They say home is where the heart is, but then why is it so hard to say goodbye to bricks and mortar?

Without jinxing things it appears that we may have Mom’s condo sold (conditions come off tomorrow). This is a huge relief, it is one of the major details that has been holding up the estate (and therefore being able to “move on”) and for various reasons being able to sell it in today’s market was a concern. Logically I am relieved and know this is a good thing, but I find myself weeping at the thought of one more goodbye.

It’s silly, I know. Mom hadn’t lived there for a number of years, but she loved her condo. It always smelled like fresh baking (as long as you didn’t come right after she had just been sneaking a cigarette).

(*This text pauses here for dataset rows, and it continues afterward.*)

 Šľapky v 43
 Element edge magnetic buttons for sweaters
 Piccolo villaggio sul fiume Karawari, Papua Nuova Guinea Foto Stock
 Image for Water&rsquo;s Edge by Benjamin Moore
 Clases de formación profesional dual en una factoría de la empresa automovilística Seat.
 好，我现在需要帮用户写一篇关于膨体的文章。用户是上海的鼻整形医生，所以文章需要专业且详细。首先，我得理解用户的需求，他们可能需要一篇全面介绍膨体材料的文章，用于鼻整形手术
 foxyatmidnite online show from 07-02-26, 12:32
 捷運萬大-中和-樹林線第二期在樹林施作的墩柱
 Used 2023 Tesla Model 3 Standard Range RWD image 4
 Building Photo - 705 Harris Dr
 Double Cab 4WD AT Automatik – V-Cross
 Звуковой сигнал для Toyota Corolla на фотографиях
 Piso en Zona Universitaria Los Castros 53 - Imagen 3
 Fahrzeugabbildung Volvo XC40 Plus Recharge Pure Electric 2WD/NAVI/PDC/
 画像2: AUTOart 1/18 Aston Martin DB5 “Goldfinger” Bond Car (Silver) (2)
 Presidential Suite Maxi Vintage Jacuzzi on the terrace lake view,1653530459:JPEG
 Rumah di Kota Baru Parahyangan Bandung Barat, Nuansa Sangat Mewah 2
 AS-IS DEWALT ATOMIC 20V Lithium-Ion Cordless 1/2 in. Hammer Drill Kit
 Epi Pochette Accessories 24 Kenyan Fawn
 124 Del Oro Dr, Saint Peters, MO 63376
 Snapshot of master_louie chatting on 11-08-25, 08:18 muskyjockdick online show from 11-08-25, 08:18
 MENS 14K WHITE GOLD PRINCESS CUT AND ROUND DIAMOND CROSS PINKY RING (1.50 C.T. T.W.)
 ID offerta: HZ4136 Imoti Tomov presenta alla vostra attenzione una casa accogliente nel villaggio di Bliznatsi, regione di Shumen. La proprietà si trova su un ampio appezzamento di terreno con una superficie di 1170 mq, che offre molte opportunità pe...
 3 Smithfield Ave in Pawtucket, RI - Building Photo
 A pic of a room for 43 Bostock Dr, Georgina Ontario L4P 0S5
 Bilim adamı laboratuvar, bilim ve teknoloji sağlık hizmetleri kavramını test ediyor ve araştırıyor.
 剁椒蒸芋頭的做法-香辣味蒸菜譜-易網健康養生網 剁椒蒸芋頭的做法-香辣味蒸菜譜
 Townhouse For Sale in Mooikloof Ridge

When she first moved in we quickly figured out that during my lunch hour I could walk up the hill, have a 10 or 15 minute visit and then walk back to work. More often than not Mom was puttering in her kitchen, cookies on the counter (usually a variety), all kinds of newspaper clippings of things she thought might interest me or recipes to try, and the temptation to snatch something tasty before heading back to work. How I miss being able to sit at that kitchen counter and chat with her! How I miss her insistence that I take her clippings to read, her calls when I am at work that would frustrate the snot out of me because she was trying to describe something on her tv (or as most of us know it, computer) that looked different and she couldn’t find the thing to make it do what she wanted.

It’s funny. I was living in Calgary when my parents moved off the acreage (where I had lived since I was 5) and into town. I thought that was hard – didn’t seem right that they should move from “home”. But that was a piece of cake, it seems, to saying goodbye to this condo. It was the last place of her own where Mom would bake, maybe call me from to tell me to pop by after work for a hot banana muffin, and maybe one of the last pieces of time where I was really allowed to feel like the daughter before our roles began to reverse a little as her deteriorating health meant she needed a little more help. To me Mom’s kitchen & recipe book will always be the place I seek to “visit” her, not a gravestone that holds only sorrowful memories.

So, these bricks and mortar that were nothing but an inanimate object somehow housed a lot of love. I know she lives in my heart, my kitchen, and even my yard and flower garden, but oh how I wish I could sidle up to her counter, leaning on it with my elbows, watching her bake, tasting her efforts, and have her wrap her arms around me one more time and let me feel safe, loved, and cherished.

Wishing you all a Mother’s Day filled with warm and love-filled memories, be they new ones from time together or the “old” ones that are held in your heart, never to be contained to simple bricks and mortar.